WHAT IS NEEDED => Repeat the data that follows verbatim. Images are not part of the copy.

DATA SUPPLIED =>

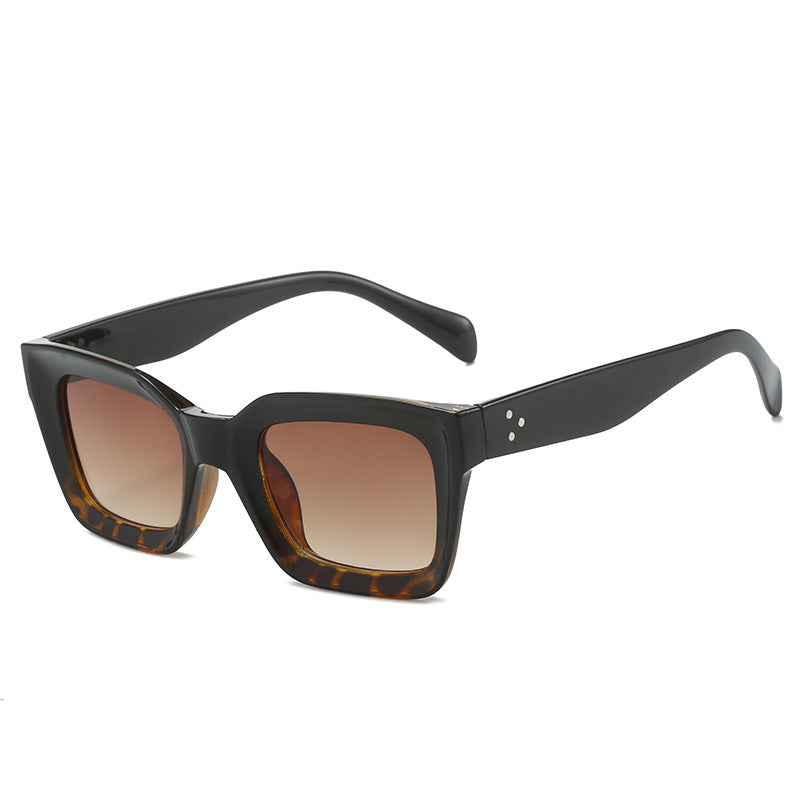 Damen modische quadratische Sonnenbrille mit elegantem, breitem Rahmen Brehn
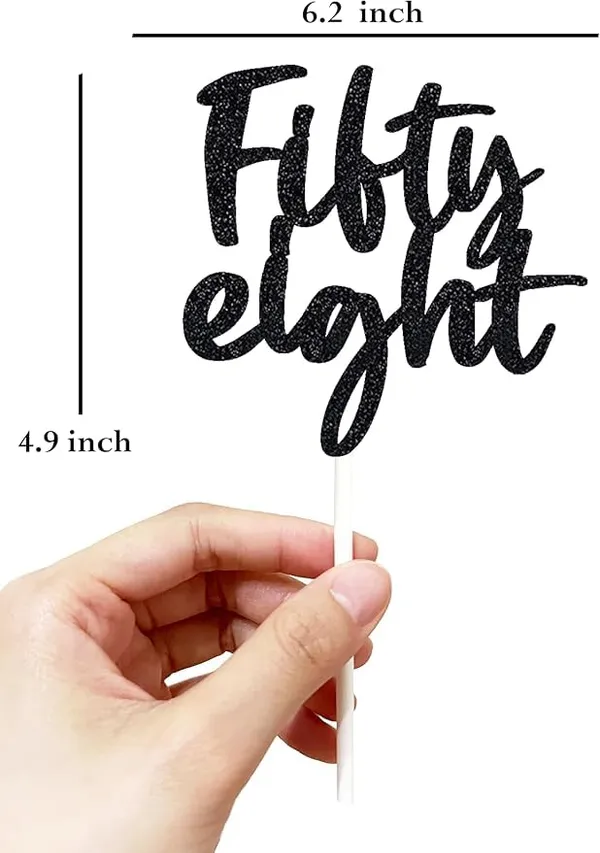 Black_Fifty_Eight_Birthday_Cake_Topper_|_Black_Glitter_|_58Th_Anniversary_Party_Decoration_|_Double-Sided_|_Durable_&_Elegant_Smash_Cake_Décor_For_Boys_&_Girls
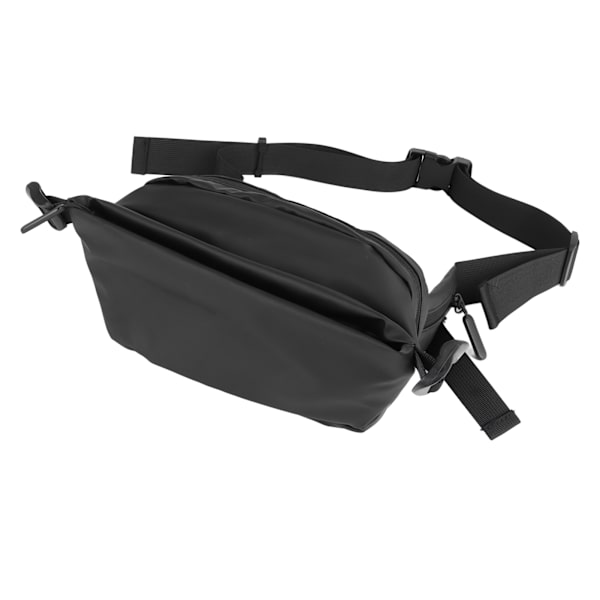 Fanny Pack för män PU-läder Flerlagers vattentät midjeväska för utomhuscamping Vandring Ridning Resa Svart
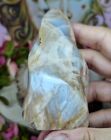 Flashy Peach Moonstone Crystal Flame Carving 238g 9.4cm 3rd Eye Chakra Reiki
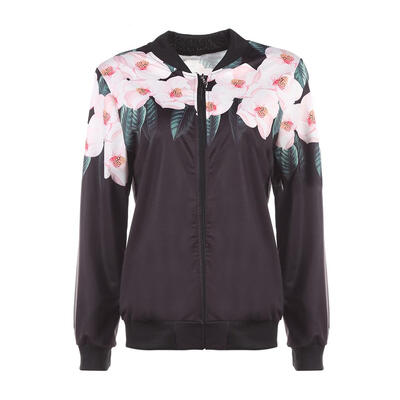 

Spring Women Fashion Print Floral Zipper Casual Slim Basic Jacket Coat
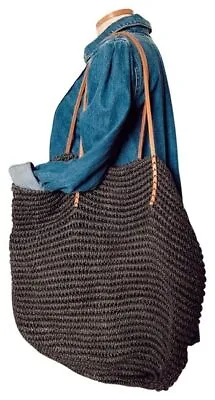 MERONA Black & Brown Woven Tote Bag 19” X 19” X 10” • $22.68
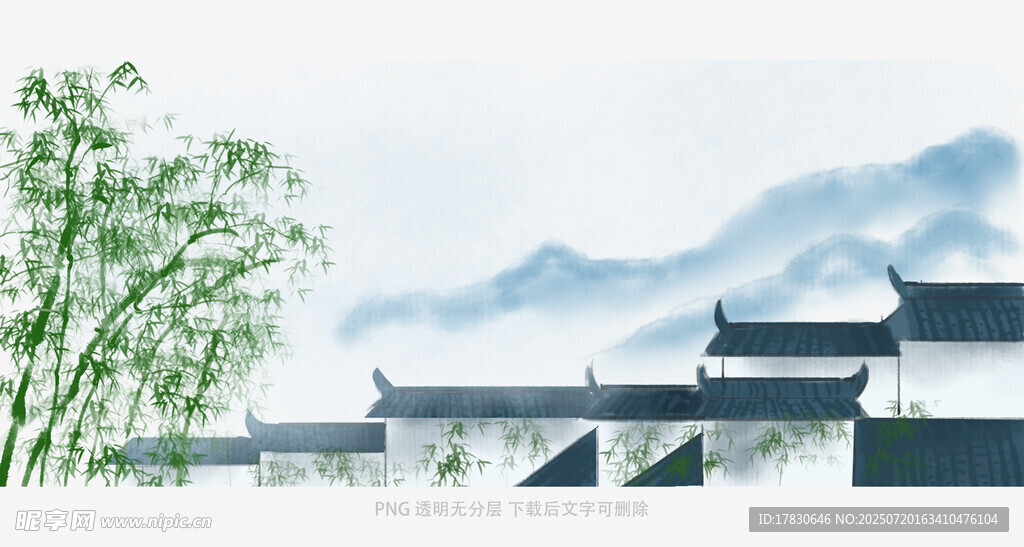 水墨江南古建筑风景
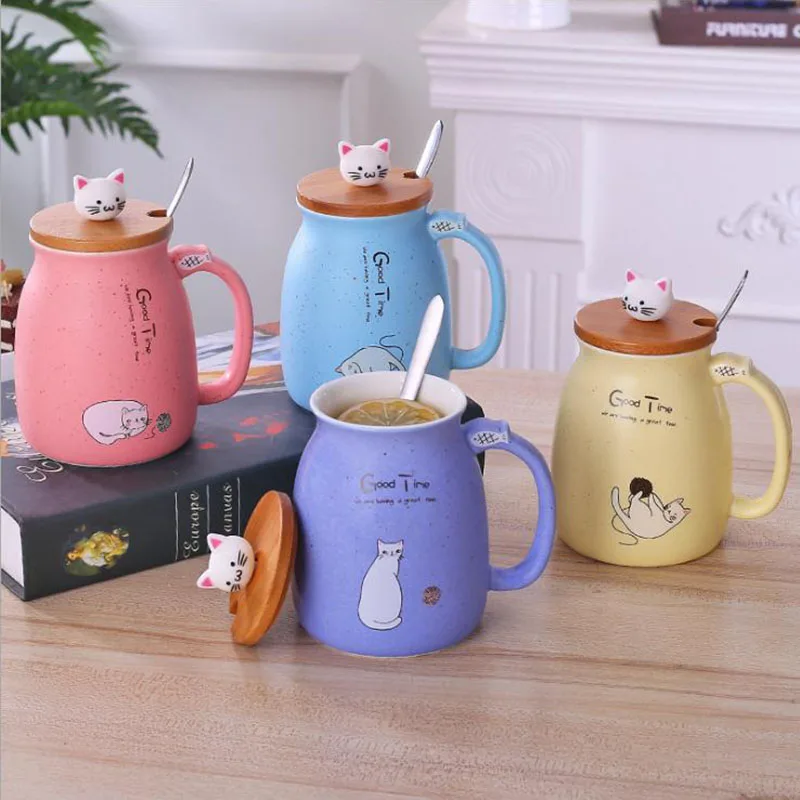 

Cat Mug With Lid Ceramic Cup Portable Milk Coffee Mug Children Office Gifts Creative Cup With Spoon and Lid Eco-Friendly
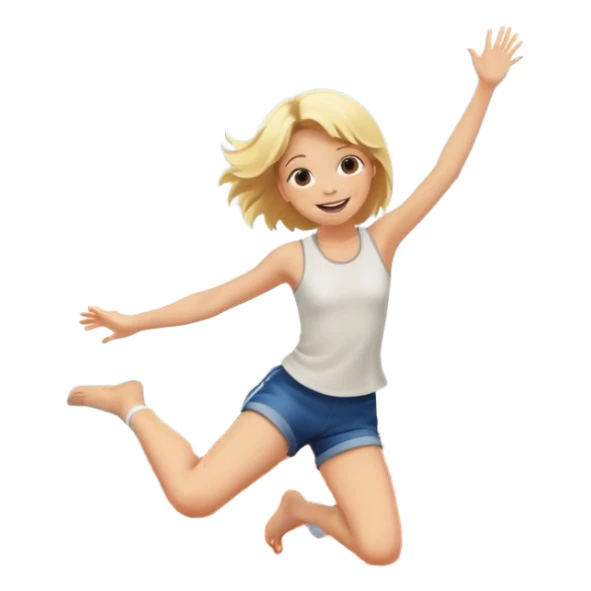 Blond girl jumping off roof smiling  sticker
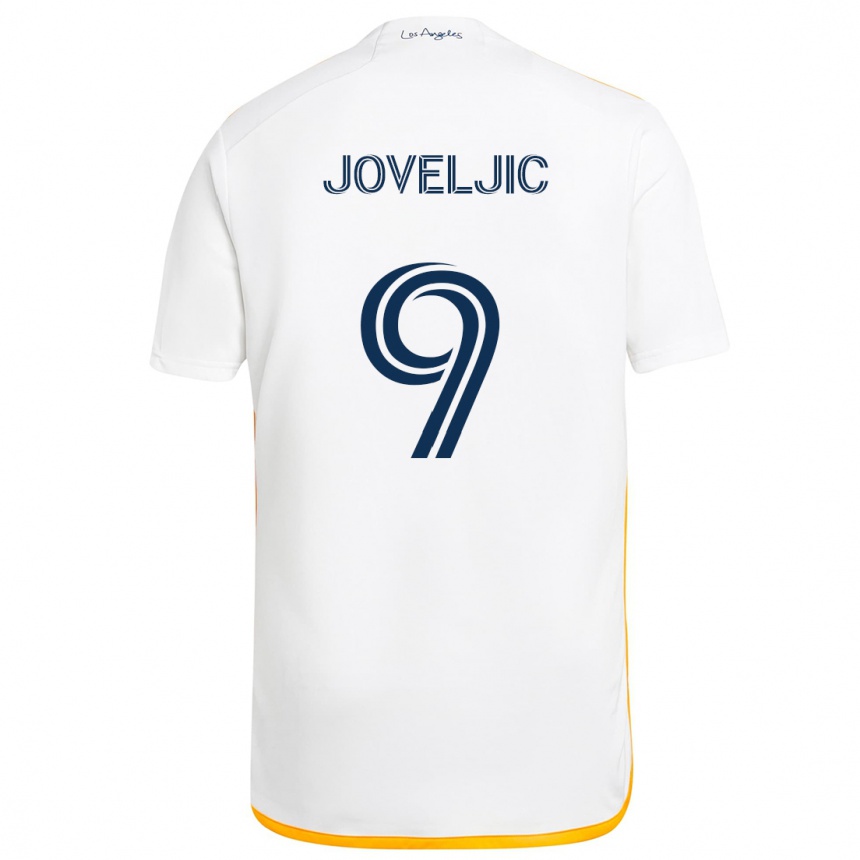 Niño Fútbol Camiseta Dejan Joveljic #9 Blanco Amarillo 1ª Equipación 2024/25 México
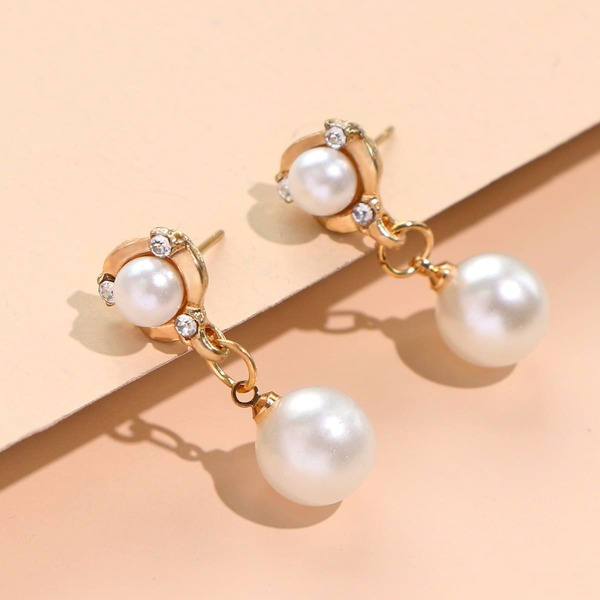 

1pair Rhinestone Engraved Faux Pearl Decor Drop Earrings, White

ANSWER SPACE =>
 Damen modische quadratische Sonnenbrille mit elegantem, breitem Rahmen Brehn
 Black_Fifty_Eight_Birthday_Cake_Topper_|_Black_Glitter_|_58Th_Anniversary_Party_Decoration_|_Double-Sided_|_Durable_&_Elegant_Smash_Cake_Décor_For_Boys_&_Girls
 Fanny Pack för män PU-läder Flerlagers vattentät midjeväska för utomhuscamping Vandring Ridning Resa Svart
 Flashy Peach Moonstone Crystal Flame Carving 238g 9.4cm 3rd Eye Chakra Reiki

Spring Women Fashion Print Floral Zipper Casual Slim Basic Jacket Coat
 MERONA Black & Brown Woven Tote Bag 19” X 19” X 10” • $22.68
 水墨江南古建筑风景

Cat Mug With Lid Ceramic Cup Portable Milk Coffee Mug Children Office Gifts Creative Cup With Spoon and Lid Eco-Friendly
 Blond girl jumping off roof smiling  sticker
 Niño Fútbol Camiseta Dejan Joveljic #9 Blanco Amarillo 1ª Equipación 2024/25 México

1pair Rhinestone Engraved Faux Pearl Decor Drop Earrings, White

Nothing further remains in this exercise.